◆ **Material for this exercise**:
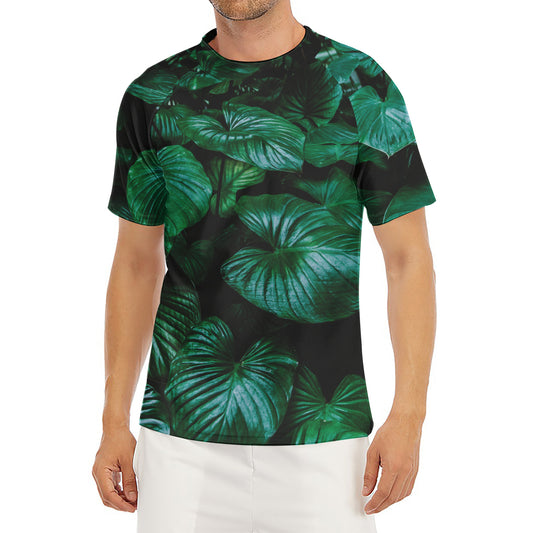 Natural Tropical Leaf Print Men's Short Sleeve Rash Guard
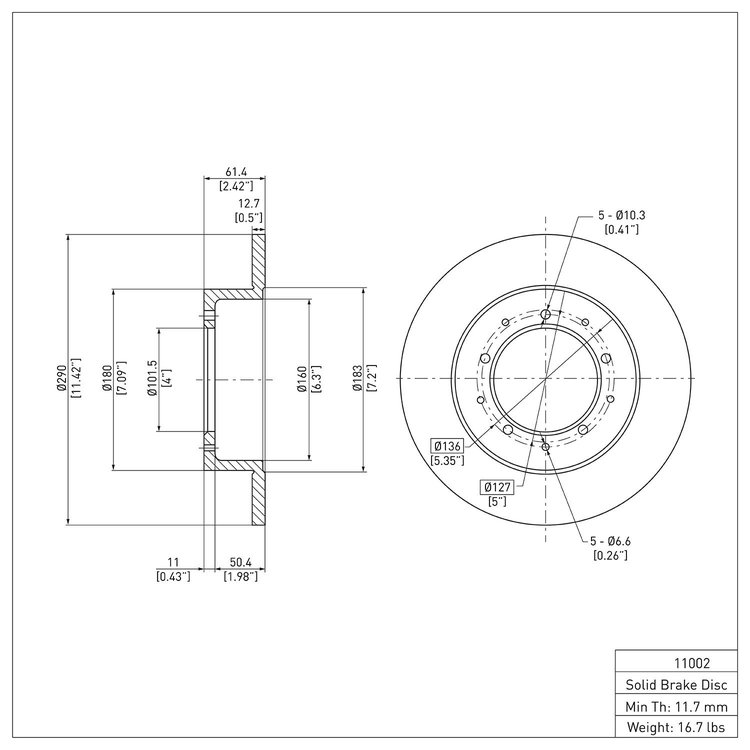 E-Line Blank Brake Rotor, 1974-2016 Land Rover, Position: Rear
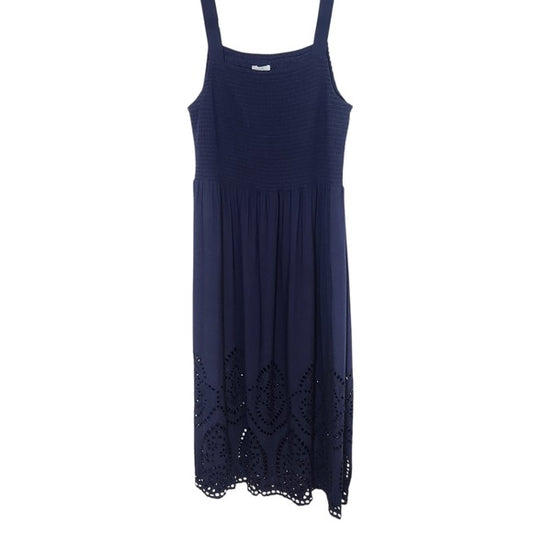 Maurices Navy Sleeveless Sundress with Eyelet Details and Smocked Top Size XXL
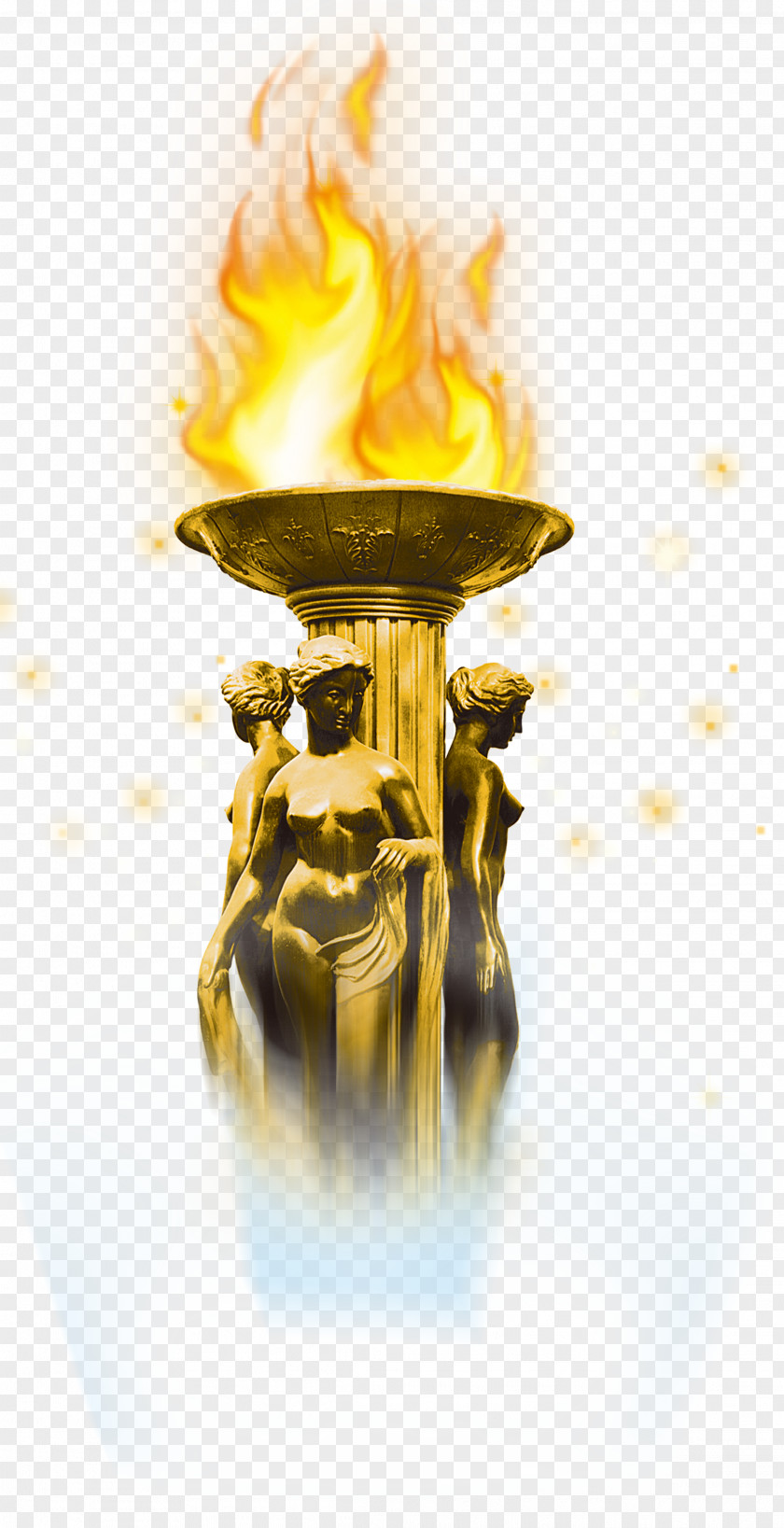 Fiery Torch Carbon Flame Sculpture Fire PNG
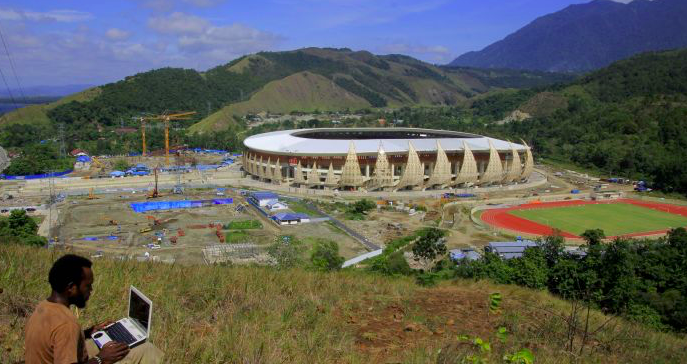 Stadion Papua Bangkit yang berkapasitas sekitar 40 ribu penonton tersebut dipersiapkan untuk perhelatan PON tahun 2020.  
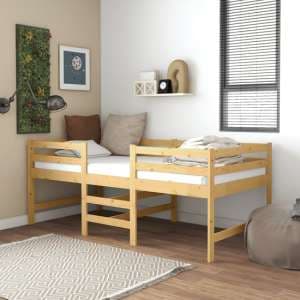 Gemma Solid Pine Wood Single Bunk Bed In Brown - UK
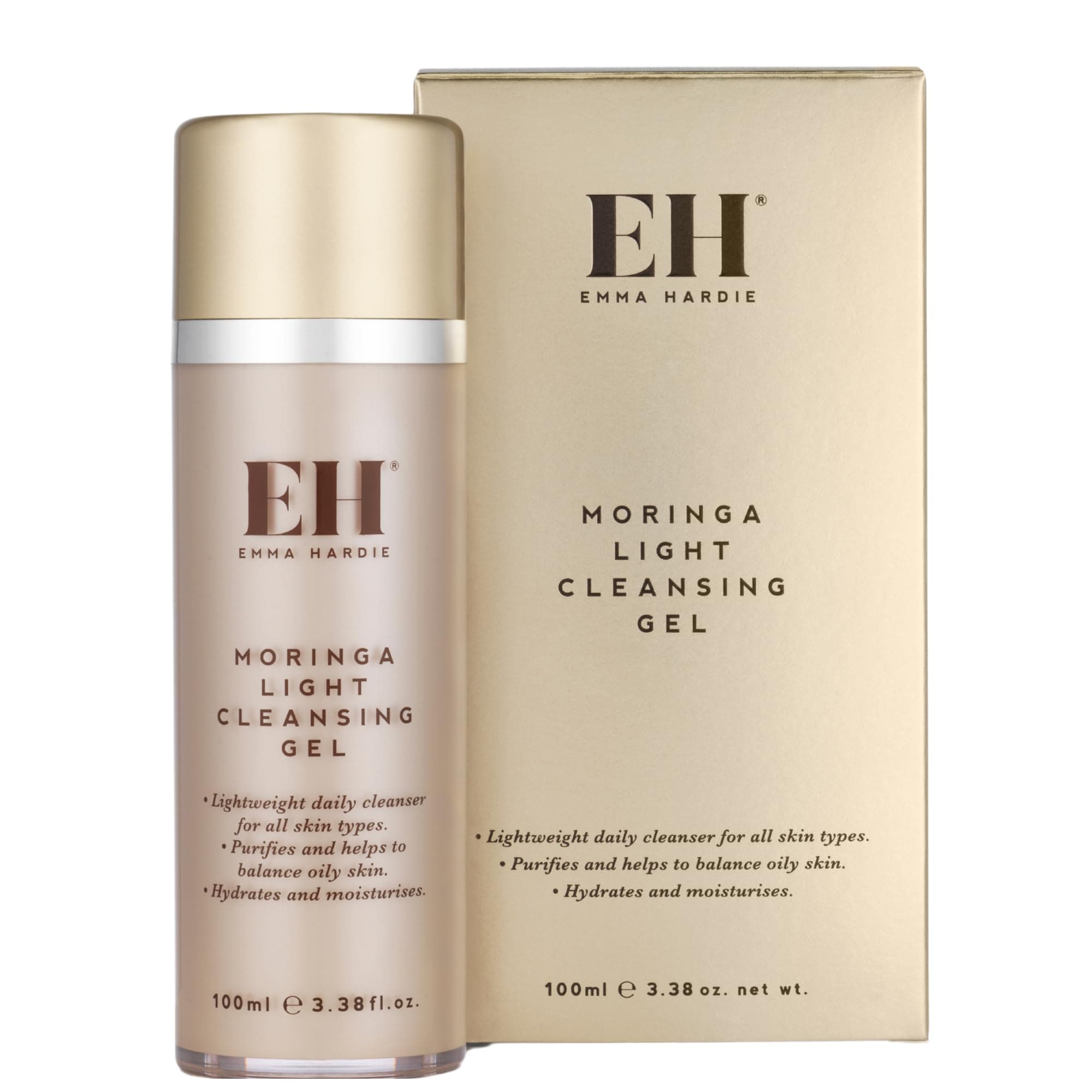 Emma Hardie 100ml Moringa Light Cleansing Gel for Daily Use, Clears, Purifies & Helps to Balance Oily Skin, Hydrates & Moisturises, Also Suitable for All Skin Types, Vegan & Cruelty Free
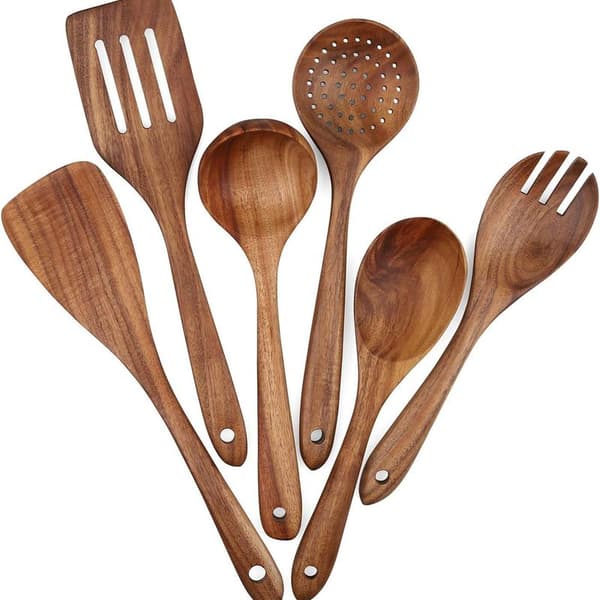 Träredskap set, 6 delar, köksredskap set,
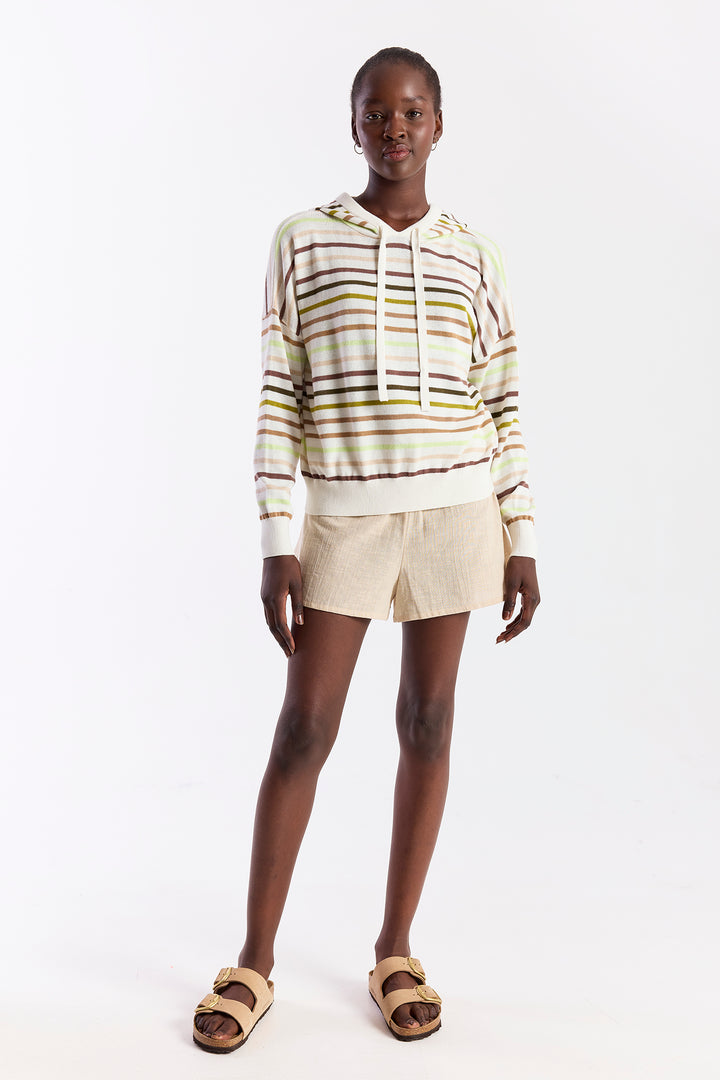 Multi Stripe Hoodie Ivory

◆ **Directions for this task**:
Print all entries exactly, without images.

◆ **The completed task**:
 Natural Tropical Leaf Print Men's Short Sleeve Rash Guard
 E-Line Blank Brake Rotor, 1974-2016 Land Rover, Position: Rear
 Maurices Navy Sleeveless Sundress with Eyelet Details and Smocked Top Size XXL
 Fiery Torch Carbon Flame Sculpture Fire PNG
 Stadion Papua Bangkit yang berkapasitas sekitar 40 ribu penonton tersebut dipersiapkan untuk perhelatan PON tahun 2020.  
 Gemma Solid Pine Wood Single Bunk Bed In Brown - UK
 Emma Hardie 100ml Moringa Light Cleansing Gel for Daily Use, Clears, Purifies & Helps to Balance Oily Skin, Hydrates & Moisturises, Also Suitable for All Skin Types, Vegan & Cruelty Free
 Träredskap set, 6 delar, köksredskap set,
 Multi Stripe Hoodie Ivory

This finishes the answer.